▶ **ACTION ITEM**
Repeat the records below exactly, beginning at the first line and finishing with the line that contains "harshvardhan kapoor in milan talkies - India TV harshvardhan".

▶ **EXCERPTED DATA**
┌────────

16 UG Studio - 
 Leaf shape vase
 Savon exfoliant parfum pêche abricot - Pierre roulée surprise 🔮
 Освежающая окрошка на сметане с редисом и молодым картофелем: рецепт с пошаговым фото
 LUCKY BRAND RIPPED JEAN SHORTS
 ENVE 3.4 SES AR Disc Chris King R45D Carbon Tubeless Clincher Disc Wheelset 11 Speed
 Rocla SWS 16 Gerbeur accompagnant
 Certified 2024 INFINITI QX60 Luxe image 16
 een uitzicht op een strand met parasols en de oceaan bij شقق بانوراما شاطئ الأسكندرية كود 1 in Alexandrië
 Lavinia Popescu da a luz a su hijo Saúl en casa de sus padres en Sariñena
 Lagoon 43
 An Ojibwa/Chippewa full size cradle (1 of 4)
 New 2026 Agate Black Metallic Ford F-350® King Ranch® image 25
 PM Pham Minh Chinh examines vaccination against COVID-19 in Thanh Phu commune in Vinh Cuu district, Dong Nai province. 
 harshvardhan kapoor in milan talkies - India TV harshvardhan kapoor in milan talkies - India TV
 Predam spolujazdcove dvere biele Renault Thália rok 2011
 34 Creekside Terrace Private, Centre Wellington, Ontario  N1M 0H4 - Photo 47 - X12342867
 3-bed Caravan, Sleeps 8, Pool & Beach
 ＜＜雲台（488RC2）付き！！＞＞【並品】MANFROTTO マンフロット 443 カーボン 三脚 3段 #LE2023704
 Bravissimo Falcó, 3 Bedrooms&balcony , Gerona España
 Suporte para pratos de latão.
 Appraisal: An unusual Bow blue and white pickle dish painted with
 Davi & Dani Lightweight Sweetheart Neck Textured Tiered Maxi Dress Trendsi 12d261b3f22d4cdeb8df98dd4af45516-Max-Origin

└────────

▶ **SOLUTION TO THE PROBLEM**
16 UG Studio - 
 Leaf shape vase
 Savon exfoliant parfum pêche abricot - Pierre roulée surprise 🔮
 Освежающая окрошка на сметане с редисом и молодым картофелем: рецепт с пошаговым фото
 LUCKY BRAND RIPPED JEAN SHORTS
 ENVE 3.4 SES AR Disc Chris King R45D Carbon Tubeless Clincher Disc Wheelset 11 Speed
 Rocla SWS 16 Gerbeur accompagnant
 Certified 2024 INFINITI QX60 Luxe image 16
 een uitzicht op een strand met parasols en de oceaan bij شقق بانوراما شاطئ الأسكندرية كود 1 in Alexandrië
 Lavinia Popescu da a luz a su hijo Saúl en casa de sus padres en Sariñena
 Lagoon 43
 An Ojibwa/Chippewa full size cradle (1 of 4)
 New 2026 Agate Black Metallic Ford F-350® King Ranch® image 25
 PM Pham Minh Chinh examines vaccination against COVID-19 in Thanh Phu commune in Vinh Cuu district, Dong Nai province. 
 harshvardhan kapoor in milan talkies - India TV harshvardhan kapoor in milan talkies - India TV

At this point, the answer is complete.